NCERT Solutions
Class 10 - Mathematics - Chapter 6: TRIANGLES - Exercise 6.3

Question 4

Given: In Fig. 6.36,

• \(\dfrac{QR}{QS} = \dfrac{QT}{PR}\)
• \(\angle 1 = \angle 2\)

To prove: \(\triangle PQS \sim \triangle TQR\).

Step 1: Use the angle condition in \(\triangle PQR\)

Angles \(\angle 1\) and \(\angle 2\) are the base angles of \(\triangle PQR\):

\[\angle 1 = \angle PQR, \quad \angle 2 = \angle PRQ\]

Given \(\angle 1 = \angle 2\), so

\[\angle PQR = \angle PRQ.\]

In a triangle, sides opposite equal angles are equal, therefore

\[PQ = PR. \tag{1}\]

Step 2: Rewrite the given side ratio using (1)

Given:

\[\frac{QR}{QS} = \frac{QT}{PR}.\]

Using \(PR = PQ\) from (1):

\[\frac{QR}{QS} = \frac{QT}{PQ}. \tag{2}\]

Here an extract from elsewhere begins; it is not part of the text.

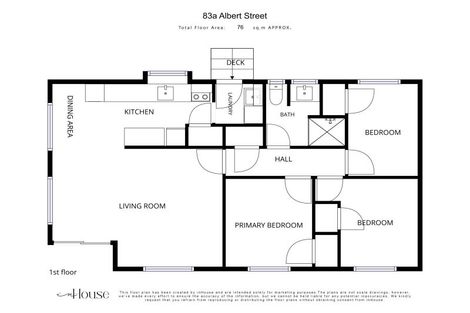 Photo of property in 83a Albert Street, Hamilton East, Hamilton, 3216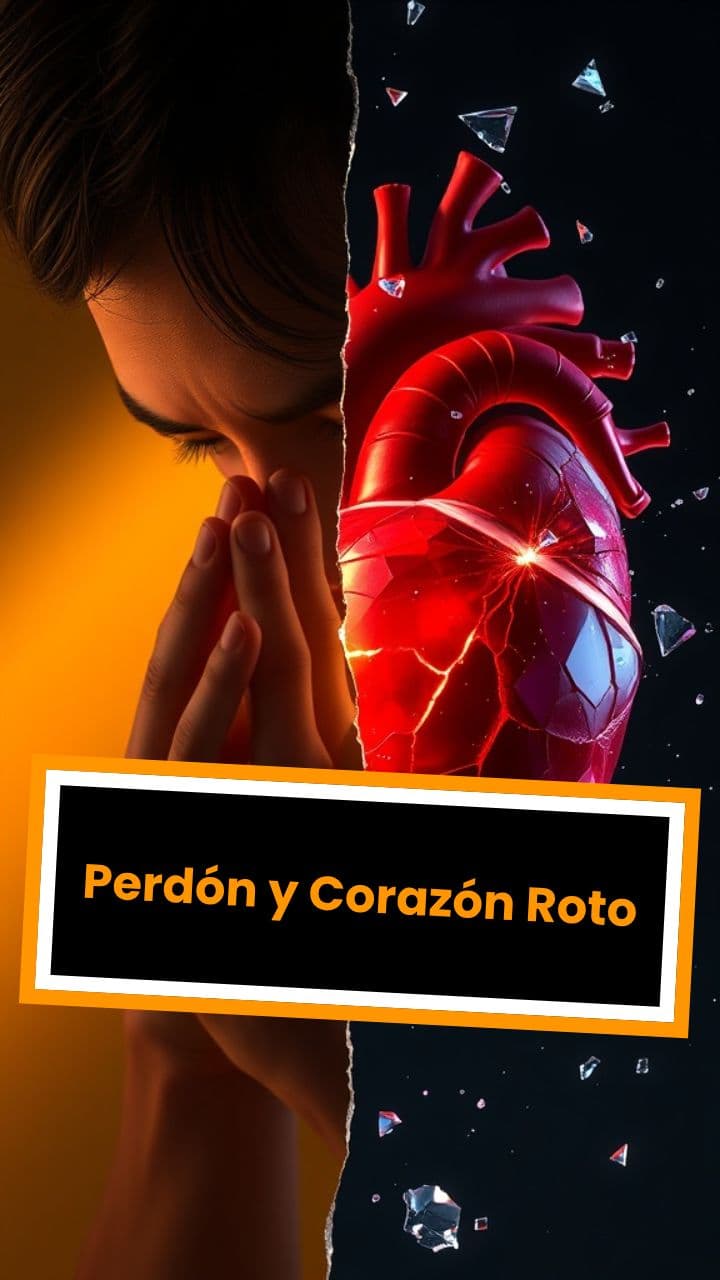 Perdón y Corazón Roto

Step 3: Compare sides around the common angle at \(Q\)

Consider \(\triangle PQS\) and \(\triangle TQR\).

• In \(\triangle PQS\), the sides including \(\angle Q\) are \(QP\) and \(QS\).
• In \(\triangle TQR\), the sides including \(\angle Q\) are \(QT\) and \(QR\).

From (2):

\[\frac{QR}{QS} = \frac{QT}{QP} \quad \Longrightarrow \quad \frac{QS}{QR} = \frac{QP}{QT}. \tag{3}\]

Also, \(\angle PQS\) and \(\angle TQR\) are the same angle at \(Q\):

\[\angle PQS = \angle TQR = \angle Q. \tag{4}\]

Step 4: Apply SAS similarity criterion

From (3), the pairs of corresponding sides around angle \(Q\) are proportional:

\[\frac{QS}{QR} = \frac{QP}{QT}.\]

From (4), the included angle between these sides in both triangles is equal.

Therefore, by the SAS similarity criterion,

\[\triangle PQS \sim \triangle TQR.\]

Hence proved.